Buddy
Buddy

Reputation: 13

Allocate array from command line parameters

I am working on a small C application and I am capturing a value from the command line. I would like to capture the value and use it to initialize an array. Here is what I'm trying to do.

int main(int argc, char* argv[]) {
    int option = atoi(argv[2]);
    int values[option];
    ......
 }

I am getting a compilation because my option variable is not a const.
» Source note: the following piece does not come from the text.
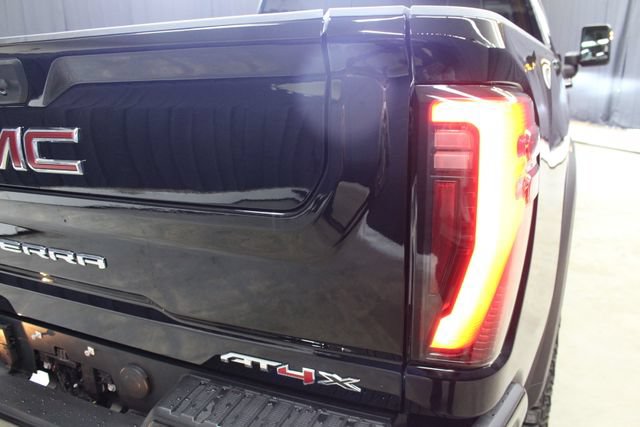 Used 2025 GMC Sierra 2500 AT4X AWD/4WD image 55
Error: Error 2 error C2057: expected constant expression

Is there a way I can do this?

Thanks for your help!

Upvotes: 1

Views: 1586

Answers (2)

Jonathan Leffler
Jonathan Leffler

Reputation: 754050

If your compiler supports C99, then (if you don't mind living slightly dangerously, given that there is no check that argv[2] is defined or that the value in it can be converted to a sane positive integer), you can write:

#include <stdlib.h>
#include <stdio.h>
int main(int argc, char* argv[])
{
    int option = atoi(argv[2]);
    char *values[option];
    int i;
    int n = argc - 3;
    for (i = 0; i < n; i++)
        values[i] = argv[i+3];

    for (i = 0; i < n; i++)
        printf("values[%d] = %s\n", i, values[i]);
    return 0;
}

This compiles and runs, using the C99 VLA (variable-length array) feature. Note I changed the type of 'values' to a 'char *', mainly for laziness - to get something done.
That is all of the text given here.